I’ve had a blog (on a totally different subject) for ages. It was hosted on WordPress but no longer reflected who I am now or my interests. It was old but letting go of it was hard.

I had another site/blog which contained some more recent ideas but it was not polished and while looking at Go I ran into Hugo. It’s a static site generator written in Go. It’s lovely.

I wanted to start putting my professional thoughts out there ’cause I’ve really grown to enjoy the whole process of software development. I’m not yet very good at the technical parts but since there’s a lot of human communication and so-on involved the challenges are really interesting.

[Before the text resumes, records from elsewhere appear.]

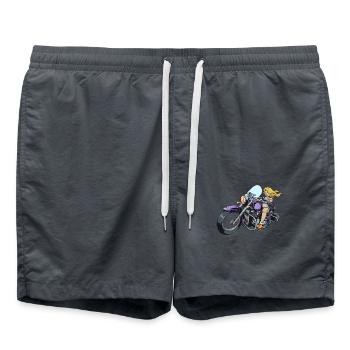 Sexy Lady auf Motorrad - Badeshorts - Anthrazit - Vorne - AI Model Male 185 light (185cm)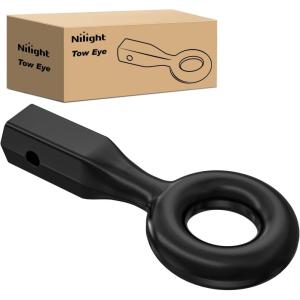 Nilight Heavy Duty Pintle Hitch Lunette Ring Tow Eye,3″ ID, 26,455 lbs（12T） Capacity,Black Powdercoat,Trailers and Towing Accessories(2″ Receivers Tow Eye)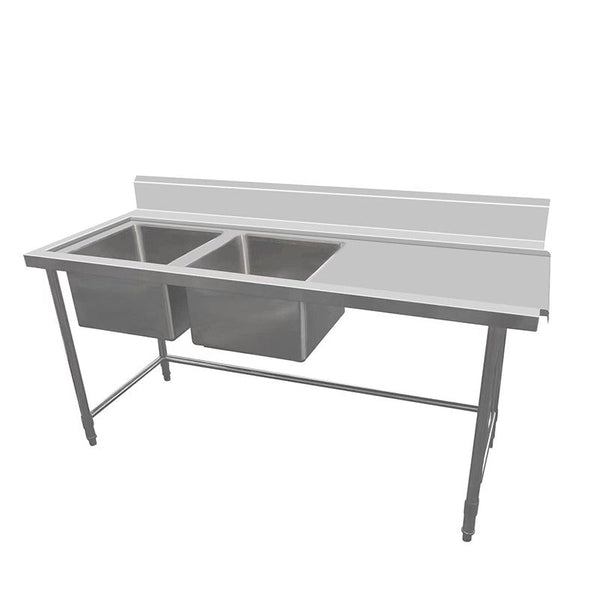 Inlet Bench - Double Sink with Splashback & Leg Brace - Inlet on Right - Sink on Left / 750 / ASDD-1575RL - Whisk Hospitality - 621379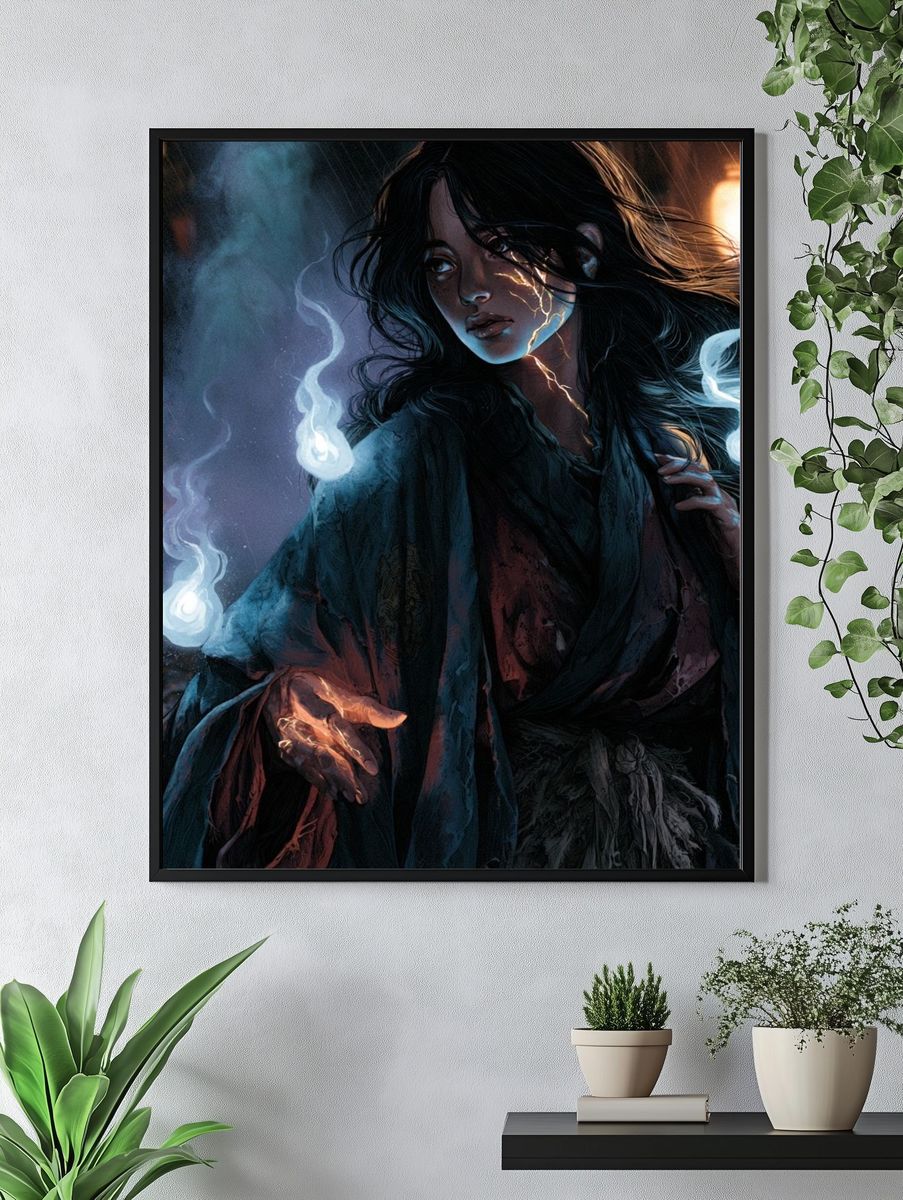Mystic Woman with Spirit Flames Print. — room view 4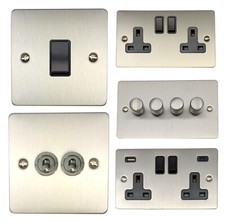 G&H Flat Plate Brushed Stainless Steel FSSB Light Switches, Plug Sockets, Dimmer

I got hung up on the yak shaving required to actually build/restructure and deploy my blog using Hugo. It was in the back of my mind but was easy to put off. I fell into the trap whereby I’d decided how I wanted to do something (using Go and Hugo) while forgetting the actual goal was to put my stance on a couple of things out into the world.

This can happen when writing or fulfilling user stories too. You can dive straight into the implementation detail and ignore the over-arching goal which may mean you don’t have to really write much code at all. Maybe the end result could be achieved with fewer steps?

There’s a temptation to be restrictive and provide detailed guidance as to how something should be achieved. The underlying problem here is that this approach robs people of agency over how to reach a solution. If you’ve been told exactly how to do something there’s no ownership as you’re just following someone else’s plan. If it happens to fail then the easy out is to point out that it wasn’t your plan therefore you’re not to blame.

It finally hit me. My underlying goal was to remove my old content and replace it with something more relevant to me at this point in time. The what has been achieved by expediently sacrificing the how. I didn’t (yet) port the blog to Hugo but the end result I wanted has been achieved.

Users mainly care about what happens, not how.